Neetcode - Graph Valid Tree
Simplicity is the ultimate sophistication.
Graph Valid Tree
Given n nodes labeled from 0 to n - 1 and a list of undirected edges (each edge is a pair of nodes), write a function to check whether these edges make up a valid tree.
Input:
n = 5
edges = [[0, 1], [0, 2], [0, 3], [1, 4]]
Output:
true
Input:
n = 5
edges = [[0, 1], [1, 2], [2, 3], [1, 3], [1, 4]]
Output:
false
Note:
- You can assume that no duplicate edges will appear in edges. Since all edges are
undirected,[0, 1]is the same as[1, 0]and thus will not appear together in edges.
This problem has several cases for deciding to proceed further or not. Here is the code I have written to solve this question.
class Solution {
private:
bool dfs(
int node, int parent,
const map<int, vector<int>>& m,
set<int>& visited){
visited.insert(node);
for (int ngb : m.at(node)) {
if (ngb == parent) continue;
if (visited.count(ngb) > 0) return false;
if(!dfs(ngb, node, m, visited)) return false;
}
return true;
}
public:
bool validTree(int n, vector<vector<int>>& edges) {
if (edges.size() != n - 1) return false;
if (n == 1 && edges.empty()) return true;
map<int, vector<int>> m;
for (const auto &edge : edges) {
int f = edge[0], s = edge[1];
m[f].push_back(s);
m[s].push_back(f);
}
if (m.size() != n) return false;
set<int> visited;
if (!dfs(0, -1, m, visited)) return false;
return visited.size() == n;
}
};DFS - CSY
The function first checks if the number of edges is exactly n-1, a requirement for a tree with n nodes, using if (edges.size() != n - 1) return false;. This ensures the graph has the correct edge count but doesn’t guarantee connectivity or acyclicity. Next, I construct an adjacency list using a map, where each node maps to a vector of its neighbors, by adding both directions of each edge (f -> s and s -> f) to represent an undirected graph. I handle edge cases: if n=1 and there are no edges, it’s a valid tree, so return true; if fewer than n nodes appear in the adjacency list (m.size() < n), there are isolated nodes, so return false.
The core logic is a recursive DFS function, which takes four arguments: the current node, its parent node, the adjacency list (passed by const reference), and a set to track visited nodes. In DFS, I mark the current node as visited, then iterate over its neighbors.

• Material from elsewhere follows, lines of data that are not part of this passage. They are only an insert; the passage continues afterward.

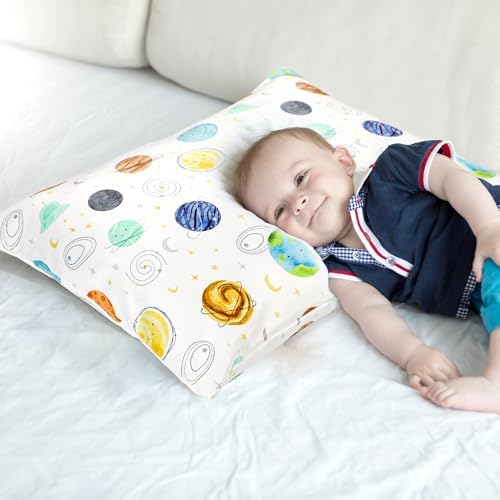 ManFaiSky 2 Pack Toddler Pillowcases with Planet Patterns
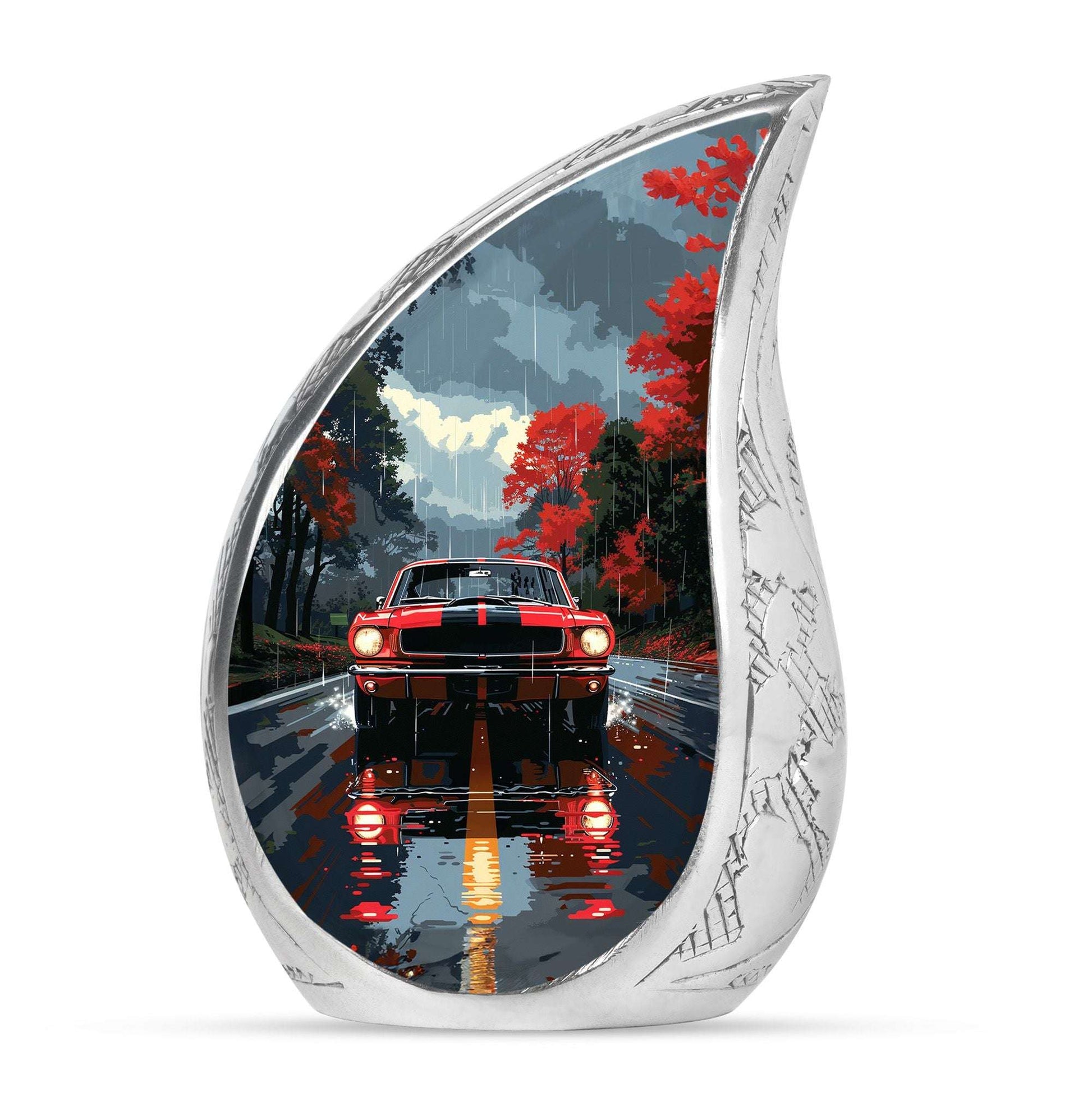 Car Theme Large Urn 10 Inch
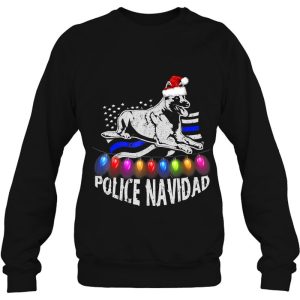 Police Christmas Navidad Shirt For Law Enforcement Malinois Sweatshirt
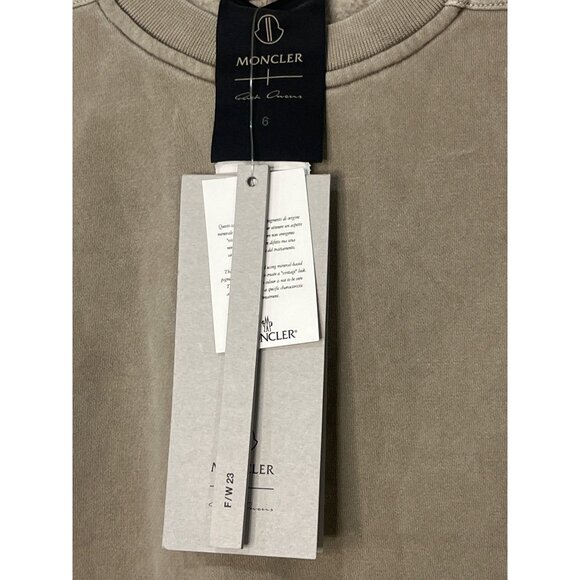 Rick Owens X Moncler Womens Tarp Tee in Acid Degrade XSmall New Tank Sleeveless - Picture 10 of 16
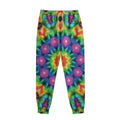 Rainbow Kaleidoscope Print Sweatpants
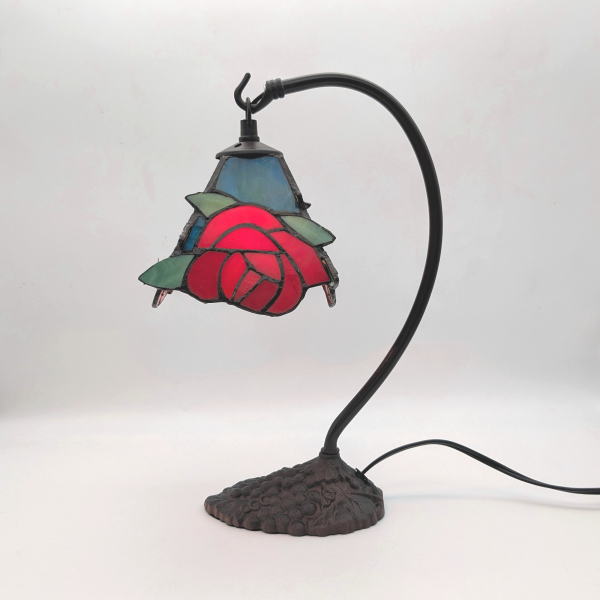 美品 ステンドグラス ステンド ランプ アンティークランプ td022525 ステンドグラステーブルランプ ステンドグラス 照明
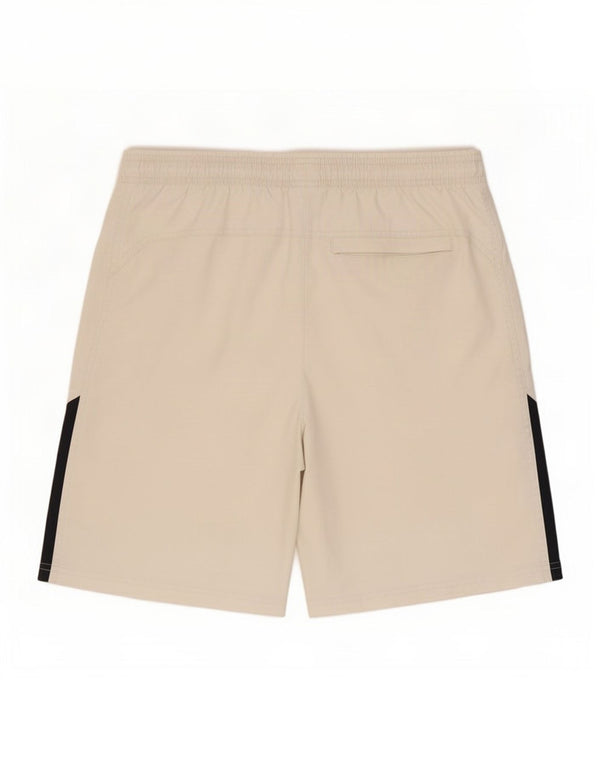 Pantaloncini sportivi Nike da uomo Dri Fit piccoli in poliestere color block bianco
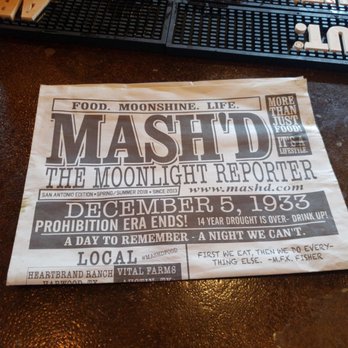 Mash'D - New American Near Me - San Antonio, Texas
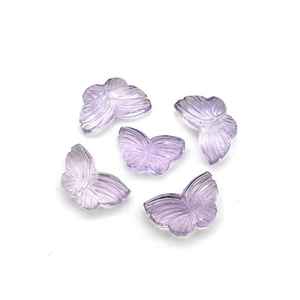 Pierre précieuse sculptée en forme de papillon en améthyste rose 14x10mm, vente en gros pour la fabrication de bijoux, fournisseur de pierres précieuses, commande en gros - Product Image 6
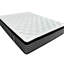 Matelas à ressorts ensachés de 14 po avec mousse gélifiée - Soulage pour une bonne nuit de sommeil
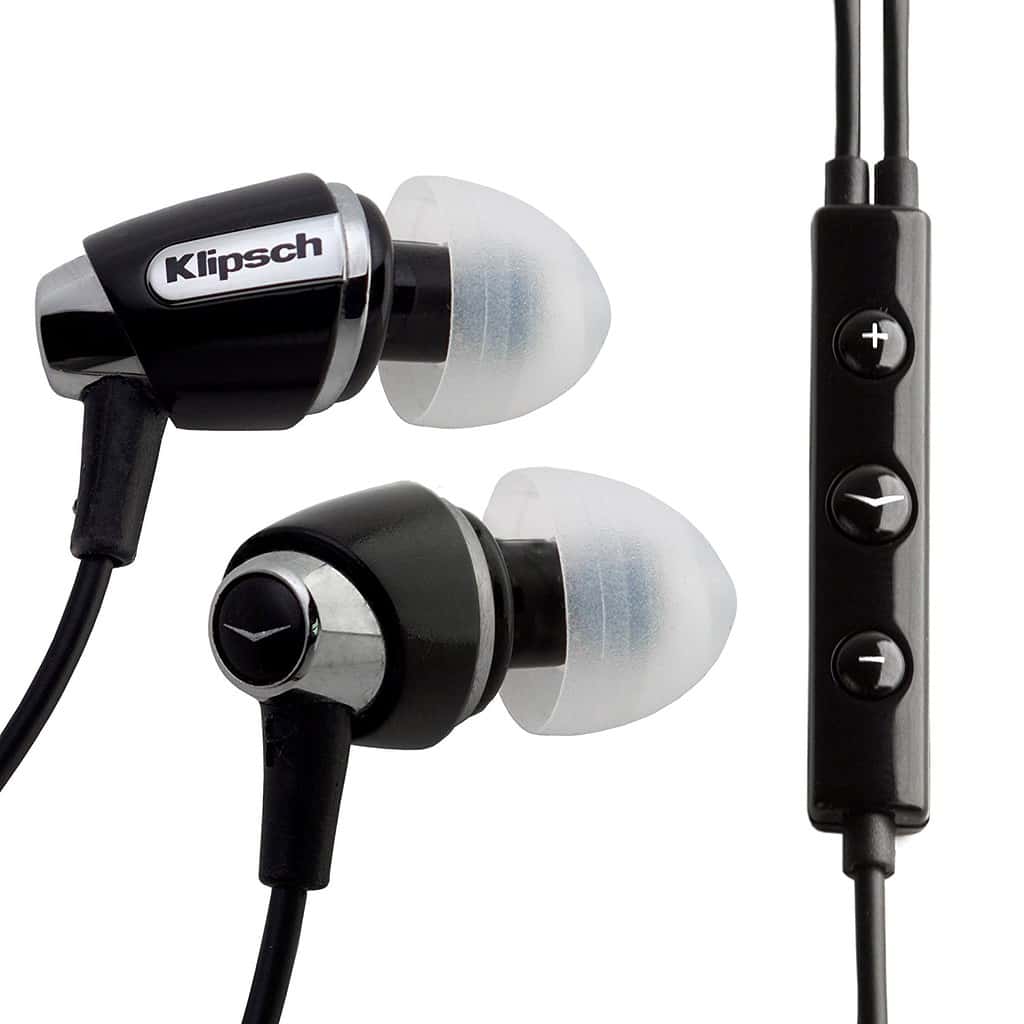 I love these now discontinued Klipsch S4i wired headphones, which are still available for just $39.
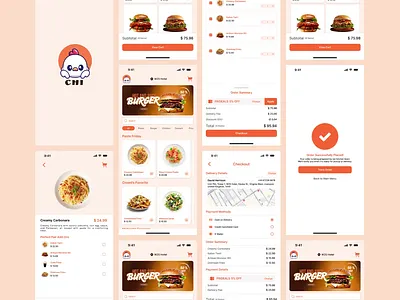 Food Delivery App ecommerce food delivery app food ordering app mobile app mobile design uiux
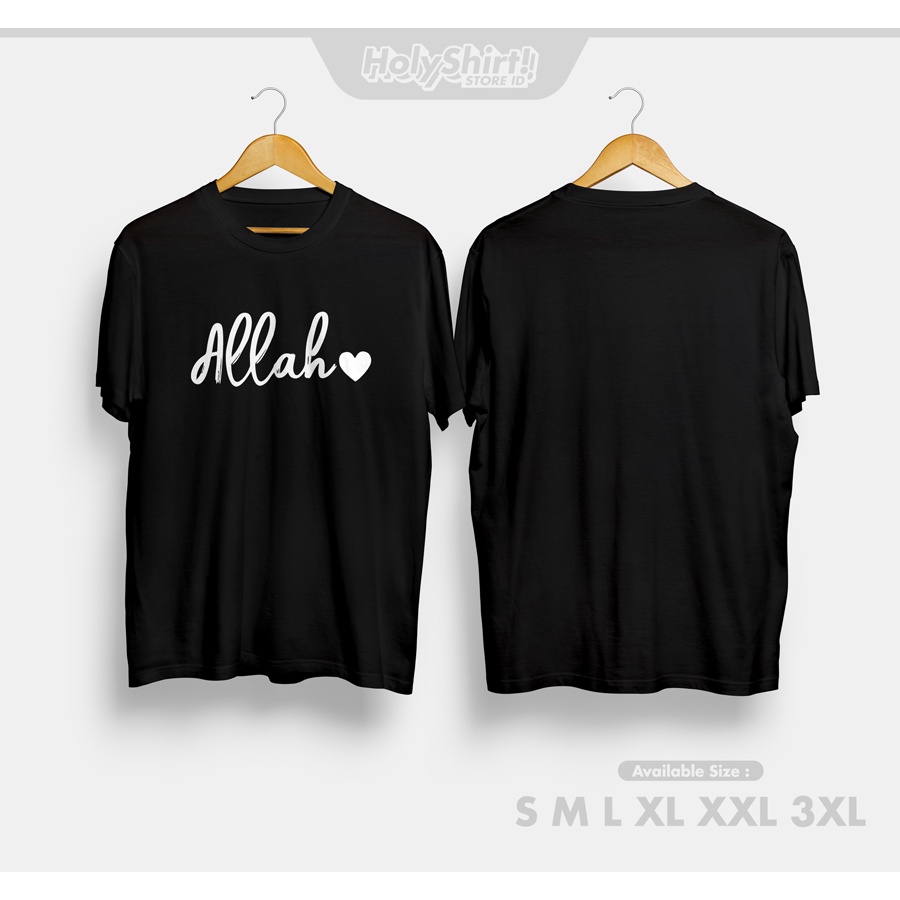 Kaos Baju Love Allah Pemuda Remaja Hijrah Kaos Dakwah Islami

If a neighbor is the parent, I skip it to avoid false cycle detection in undirected graphs. If a neighbor is already visited (and not the parent), a cycle exists, so I return false. Otherwise, I recursively call DFS on unvisited neighbors, passing the current node as the parent. DFS is called once from node 0, and if it returns false, a cycle was found, so the function returns false. Finally, I check if visited.size() == n to ensure all nodes are connected in one component. If both conditions (no cycles and full connectivity) are met, the function returns true. That's it.